La novela de Sanjuan sigue los clichés de la novela policíaca clásica. Los clichés no suelen gustar a los críticos pero hay que concederle a los lugares comunes la capacidad siempre reconfortante del reconocimiento de un género literario, en el que el lector se sienta cómodo. Clichés los hay: la sargento obsesionada por su trabajo, su carácter solitario, su exitosa intuición profesional y una vida personal marcada por la frustración de no haber podido resolver el único caso que verdaderamente le ha importado: la desaparición de su hermana. La acción principal, una serie de asesinatos de los que se investigan patrones comunes, corre así paralela al drama íntimo de la sargento.

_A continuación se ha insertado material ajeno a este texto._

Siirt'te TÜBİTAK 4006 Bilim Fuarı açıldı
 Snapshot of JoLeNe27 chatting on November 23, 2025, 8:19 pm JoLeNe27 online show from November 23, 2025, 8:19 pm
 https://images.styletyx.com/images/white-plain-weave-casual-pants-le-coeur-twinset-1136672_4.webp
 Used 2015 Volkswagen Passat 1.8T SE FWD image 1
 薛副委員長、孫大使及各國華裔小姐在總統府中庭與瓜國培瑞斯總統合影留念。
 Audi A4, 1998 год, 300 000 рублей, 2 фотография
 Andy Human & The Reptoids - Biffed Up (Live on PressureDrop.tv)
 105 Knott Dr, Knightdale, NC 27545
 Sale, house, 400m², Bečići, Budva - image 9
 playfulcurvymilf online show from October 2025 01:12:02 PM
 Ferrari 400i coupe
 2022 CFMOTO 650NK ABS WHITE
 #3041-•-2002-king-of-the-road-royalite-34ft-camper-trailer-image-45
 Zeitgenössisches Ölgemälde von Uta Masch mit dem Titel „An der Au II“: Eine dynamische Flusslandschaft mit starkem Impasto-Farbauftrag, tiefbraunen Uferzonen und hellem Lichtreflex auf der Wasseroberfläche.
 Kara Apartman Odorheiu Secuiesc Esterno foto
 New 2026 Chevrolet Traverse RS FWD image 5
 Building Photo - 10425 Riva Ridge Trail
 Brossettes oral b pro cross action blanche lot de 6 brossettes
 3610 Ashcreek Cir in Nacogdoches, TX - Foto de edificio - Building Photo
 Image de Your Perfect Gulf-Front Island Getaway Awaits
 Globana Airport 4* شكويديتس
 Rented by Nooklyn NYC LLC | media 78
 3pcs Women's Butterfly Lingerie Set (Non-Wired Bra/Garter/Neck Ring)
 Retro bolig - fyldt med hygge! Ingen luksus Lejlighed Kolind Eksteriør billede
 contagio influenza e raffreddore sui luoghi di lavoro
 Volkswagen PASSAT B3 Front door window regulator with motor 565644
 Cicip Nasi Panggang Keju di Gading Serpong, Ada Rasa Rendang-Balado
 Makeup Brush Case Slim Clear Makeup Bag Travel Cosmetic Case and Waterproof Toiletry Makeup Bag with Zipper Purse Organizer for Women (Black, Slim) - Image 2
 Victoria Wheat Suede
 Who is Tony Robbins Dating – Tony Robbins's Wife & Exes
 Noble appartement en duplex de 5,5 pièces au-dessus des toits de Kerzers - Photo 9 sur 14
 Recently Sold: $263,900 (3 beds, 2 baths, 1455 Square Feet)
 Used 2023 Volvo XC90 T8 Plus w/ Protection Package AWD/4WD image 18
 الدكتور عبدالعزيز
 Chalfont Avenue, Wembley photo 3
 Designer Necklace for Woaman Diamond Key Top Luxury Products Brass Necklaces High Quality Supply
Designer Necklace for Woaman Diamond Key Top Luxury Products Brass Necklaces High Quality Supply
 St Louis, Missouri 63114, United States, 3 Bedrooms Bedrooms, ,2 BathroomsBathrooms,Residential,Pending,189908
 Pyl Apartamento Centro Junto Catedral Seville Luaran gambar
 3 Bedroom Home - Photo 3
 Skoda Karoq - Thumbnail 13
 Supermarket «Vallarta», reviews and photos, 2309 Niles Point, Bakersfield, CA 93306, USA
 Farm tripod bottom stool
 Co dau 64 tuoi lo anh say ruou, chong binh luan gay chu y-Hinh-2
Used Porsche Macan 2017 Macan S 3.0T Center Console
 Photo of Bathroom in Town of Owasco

La novela está bien construida, sin prisas, invirtiendo el tiempo necesario para hilvanar coherentemente las pesquisas del equipo de Anna Grimm, aunque para ello la autora deba sacrificar el ritmo de la prosa al servilismo repetitivo de los protocolos policiales (interrogatorios, procedimientos judiciales y demás), lo que, por otro lado, otorga verosimilitud a la historia. Es en aras de ese realismo que Montse Sanjuan permite que los avances en la investigación respondan a veces a la pura casualidad, despojando a la sargento de cualquier atisbo de iluminación divina (pienso, por ejemplo, en la escena del centro comercial). Son muy efectistas los capítulos breves en los que la voz anónima del asesino nos ofrece una estampa siniestra que interrumpe unos segundos la trama argumental. Del mismo modo, la niebla que se enseñorea de la ciudad (la acción transcurre en Lérida), genera una atmósfera propicia que tan bien se acomoda al misterio narrativo. El ritmo del libro se acelera en su último tercio en un crescendo que no resulta precipitado sino muy bien medido y calculado. También existe una correcta contención sentimental de las escenas más emotivas, que nunca acaban en el melodrama lacrimógeno. Siguiendo esa premisa, el estilo es sobrio y algo aséptico. La voz narrativa se identifica en estilo indirecto libre con la sargento, excepto en la página 207 donde un narrador externo pero omnisciente se aleja por primera vez de la protagonista como recurso para no revelar al lector el hallazgo clave de la sargento. En mi opinión, esa licencia es una anomalía narrativa que sólo se justifica si se quiere hacer un guiño a los seriales de antaño o introducir en el libro un sesgo cinematográfico. Es precisamente el estilo indirecto libre lo que ha permitido a su autora introducir en la novela otro de sus aciertos: las reflexiones existenciales de la sargento sobre la frontera entre la vida y la muerte, la fortuna o el paso del tiempo.

En definitiva, Montse Sanjuan ha escrito una novela policíaca de corte clásico, muy entretenida y con las consabidas sorpresas que satisfarán a los lectores leales al género. Une así su nombre a la incipiente nómina de buenos escritores de novela negra, que tratan de dignificar un género donde es fácil hallar el intrusismo de los oportunistas.